Based on Ford Motor Credit, Gamble, Monsanto, and Leasecomm, it is clear that IPC's request for this Court to issue a writ of mandamus compelling the circuit court to exercise its discretion by ruling on the motion to dismiss based on improper venue before proceeding further is appropriate under these circumstances.
In the present case, the circuit court left pending IPC's motion to dismiss asserting improper venue, but ordered that final discovery on the merits was to be completed by February 28, 2018, that all motions for a summary judgment were to be filed by March 26, 2018, and that the trial was to be held on May 21, 2018. IPC argues that venue is a threshold issue, citing Thompson v. Skipper Real Estate Co., 729 So.2d 287 (Ala. 1999) (noting, in discussion of issue whether defendant had substantially invoked the litigation process, that a defendant has a right to determine venue before asserting a demand for arbitration), and Ex parte Windom, 776 So.2d 799 (Ala. 2000) (holding that venue is a threshold matter that must be raised at the beginning of litigation and that a trial court should rule on a motion for a change of venue as expeditiously as possible). IPC also argues that the circuit court exceeded its discretion by denying IPC and Caterpillar's joint motion to continue the trial date, citing Thomas v. Kellett, 489 So.2d 554, 555 (Ala. 1986) (holding that a denial of a continuance will not be overturned where trial court has not exceeded its discretion). IPC argues that requiring it to participate in the litigation process while failing to rule on the motion to dismiss requires that it either waive the right to conduct discovery and to formulate an adequate defense or waive the right to enforce the outbound forum-selection clause, based on Ex parte Spencer, 111 So.3d 713 (Ala. 2012) (holding that a party may waive a forum-selection clause by substantially invoking the litigation process).

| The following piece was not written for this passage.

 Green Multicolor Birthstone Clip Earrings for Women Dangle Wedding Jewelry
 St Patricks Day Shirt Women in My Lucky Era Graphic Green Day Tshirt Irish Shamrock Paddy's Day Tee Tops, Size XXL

We note that an attempt to seek enforcement of an outbound forum-selection clause is properly presented in a motion to dismiss without prejudice, pursuant to Rule 12(b)(3), Ala. R. Civ. P., based on improper venue. Ex parte D.M. White Constr. Co., 806 So.2d 370, 372 (Ala. 2001).
In Professional Insurance Corp. v. Sutherland, 700 So.2d 347, 351 (Ala. 1997), this Court adopted the majority rule, by which an "outbound" forum-selection clause is upheld unless the party challenging the clause clearly establishes that it would be unfair or unreasonable under the circumstances to hold the parties to their bargain. 700 So.2d at 351. The party challenging the clause can meet its burden by clearly establishing either "(1) that enforcement of the forum selection clause would be unfair on the basis that the contract was affected by fraud, undue influence, or overweening bargaining power or (2) that enforcement would be unreasonable on the basis that the chosen ... forum would be seriously inconvenient for the trial of the action." 700 So.2d at 352. "Because ‘[i]t is a difficult burden to defeat a forum selection clause[,]’ Smith v. Professional Claims, Inc., 19 F.Supp.2d 1276, 1282 (M.D. Ala. 1998), such clauses will usually be enforced." Ex parte CTB, Inc., 782 So.2d 188, 191 (Ala. 2000).
Here, the circuit court exceeded its discretion by failing to rule on, and instead "taking under advisement," the motion to dismiss the third-party complaint based on improper venue while allowing discovery on the merits to proceed and setting deadlines for summary-judgment motions and setting the trial date. Therefore, we issue the writ and direct the circuit court to issue an order addressing the merits of IPC's motion to dismiss based on improper venue. We express no opinion as to whether IPC's motion should or should not be granted; "[w]hile the writ [of mandamus] will issue to compel the exercise of discretion by a circuit judge, it will not issue to compel the exercise of discretion in a particular manner." Ford Motor Credit, 607 So.2d at 170.
PETITION GRANTED; WRIT ISSUED.
Stuart, C.J., and Parker, Shaw, Main, Wise, Bryan, Sellers, and Mendheim, JJ., concur.